DATA RECORDS
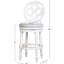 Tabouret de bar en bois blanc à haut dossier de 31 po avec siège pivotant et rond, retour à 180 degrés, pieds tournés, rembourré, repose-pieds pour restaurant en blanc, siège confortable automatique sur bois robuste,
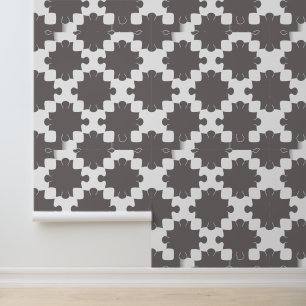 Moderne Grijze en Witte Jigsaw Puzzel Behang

==

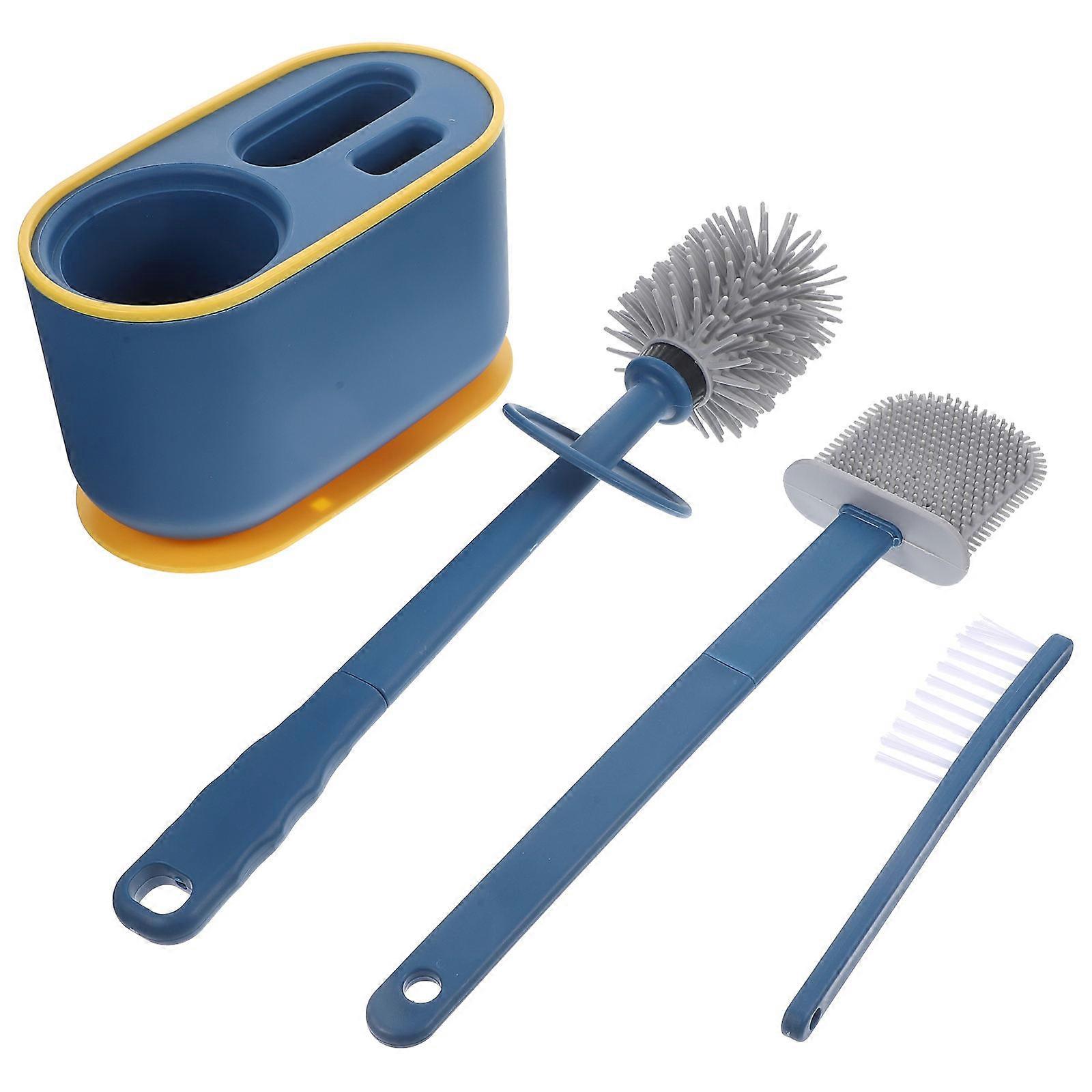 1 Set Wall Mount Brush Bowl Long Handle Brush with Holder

REQUIRED WORK
Could you repeat, exactly, only the lines above starting at the one that has "Tabouret de bar" and stopping after the one that has "Moderne Grijze en Witte Jigsaw Puzzel Behang", without the pictures?

ANSWER SECTION
 Tabouret de bar en bois blanc à haut dossier de 31 po avec siège pivotant et rond, retour à 180 degrés, pieds tournés, rembourré, repose-pieds pour restaurant en blanc, siège confortable automatique sur bois robuste,
 Moderne Grijze en Witte Jigsaw Puzzel Behang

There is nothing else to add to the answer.